Q: Throughout "Yellowface," we see how trauma can become very profitable for the market. You can even profit off being "canceled." In your publicity material, you said, "If anything, the system only turns critique into another way of profit." At the same time, of course, you are part of that system. Did you ever wrestle with that irony?
A: It doesn't seem like a terrible contradiction to me, because what was the alternative? Not saying anything at all? I just refuse to publish anything, keep my silence? I think that would be worse. So even though the system, I believe, always swallows its own critiques, there's still another benefit to publishing stories like this — just that it gets us talking. It gets Asian American writers discussing ways in which we can show better solidarity for one another. It lays a lot of ugly things about publishing out in the open so that maybe writers know what they're getting into.
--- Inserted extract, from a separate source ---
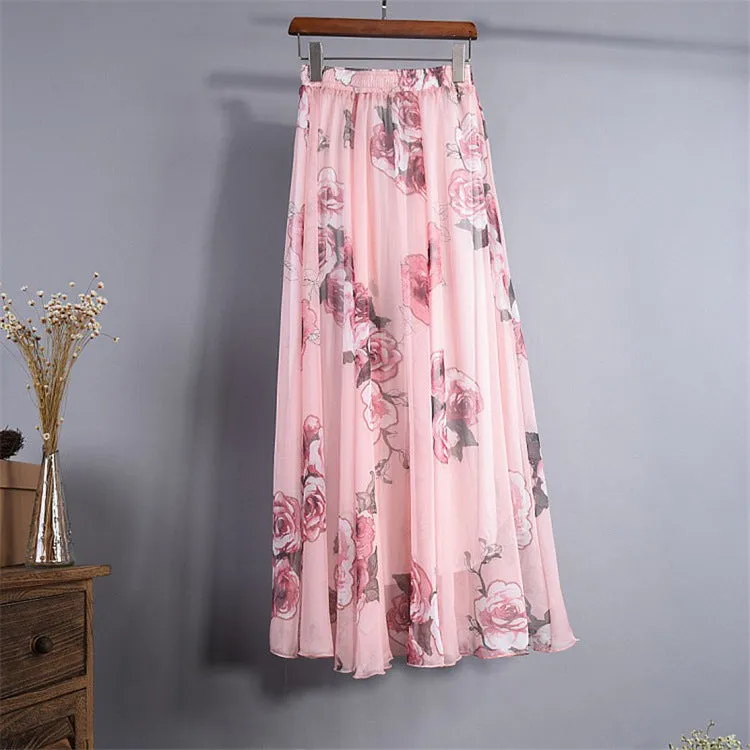 Luexco Elegant Long Chiffon High Waist Skirt Summer Saia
Q: At heart, this feels like a story about who gets to tell whose story. Not just another group's story, but another person's. Athena used people's stories in her fiction, June then used her research — on and on. What does it mean to ask for "consent" to use someone else's experience in fiction?
A: Obviously, there are lots of different viewpoints on this. The story "Bad Art Friend," which was circulating around certain parts of Book Twitter a while back, really revealed that people have very differing attitudes on what you can lift from the people in your life. There's some people who think that anything is fair play, as long as it's fiction. You can grab other people by the ankles and shake them for the pocket change of their life experiences. And maybe that's completely permissible from the perspective of making great art. I think it makes you kind of an a— to the people around you if you don't talk to them about it.
I'm very hesitant to impose hard and fast standards on what people can and can't write about. That being said, I probably would not write about my friend's experiences in the way Athena was. But that's a matter of being a bad friend and a bad writer.
Q: You have been writing fantasy novels for years. What made you want to do something different?
A: I love different playgrounds, I think I'll try to keep hopping genres. As long as I have the career, I hate doing the same thing twice. Maybe I'll do a rom-com. Maybe I'll do a hard-boiled mystery novel. Maybe I'll do a psychological thriller. I don't know.
Q: Well, June's work gets optioned by Hollywood. Would you want to do that?
A: Everything I've heard about Hollywood makes me deeply anxious about ever heading over there. And so I have no immediate plans to, since I have to finish my PhD first.
Q: And you'll also have to go on a 10-city book tour for "Yellowface." What are you most excited — or anxious about?
A: I'm anxious about my laundry. It's really hard to wash your clothes from your city every week or every day. So I'm not sure how I'm going to have clean underwear for the entire tour. I really need to figure that out.